▶ **EXTRACTED MATERIAL**:
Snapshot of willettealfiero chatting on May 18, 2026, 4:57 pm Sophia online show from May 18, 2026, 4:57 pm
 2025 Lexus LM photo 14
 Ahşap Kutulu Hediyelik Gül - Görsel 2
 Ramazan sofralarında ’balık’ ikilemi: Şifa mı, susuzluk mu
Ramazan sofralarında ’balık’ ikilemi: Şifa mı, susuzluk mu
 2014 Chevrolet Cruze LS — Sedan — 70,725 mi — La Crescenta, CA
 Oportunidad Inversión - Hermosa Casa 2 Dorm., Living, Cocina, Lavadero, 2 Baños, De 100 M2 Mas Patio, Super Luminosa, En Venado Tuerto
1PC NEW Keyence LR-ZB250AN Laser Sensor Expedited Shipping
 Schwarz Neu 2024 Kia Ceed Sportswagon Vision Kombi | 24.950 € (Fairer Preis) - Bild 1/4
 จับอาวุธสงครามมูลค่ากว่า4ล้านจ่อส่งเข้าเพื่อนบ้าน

▶ **THE TASK**:
Please repeat the data in full so that nothing differs from the original.

▶ **EXERCISE SOLUTION**:
Snapshot of willettealfiero chatting on May 18, 2026, 4:57 pm Sophia online show from May 18, 2026, 4:57 pm
 2025 Lexus LM photo 14
 Ahşap Kutulu Hediyelik Gül - Görsel 2
 Ramazan sofralarında ’balık’ ikilemi: Şifa mı, susuzluk mu
Ramazan sofralarında ’balık’ ikilemi: Şifa mı, susuzluk mu
 2014 Chevrolet Cruze LS — Sedan — 70,725 mi — La Crescenta, CA
 Oportunidad Inversión - Hermosa Casa 2 Dorm., Living, Cocina, Lavadero, 2 Baños, De 100 M2 Mas Patio, Super Luminosa, En Venado Tuerto
1PC NEW Keyence LR-ZB250AN Laser Sensor Expedited Shipping
 Schwarz Neu 2024 Kia Ceed Sportswagon Vision Kombi | 24.950 € (Fairer Preis) - Bild 1/4
 จับอาวุธสงครามมูลค่ากว่า4ล้านจ่อส่งเข้าเพื่อนบ้าน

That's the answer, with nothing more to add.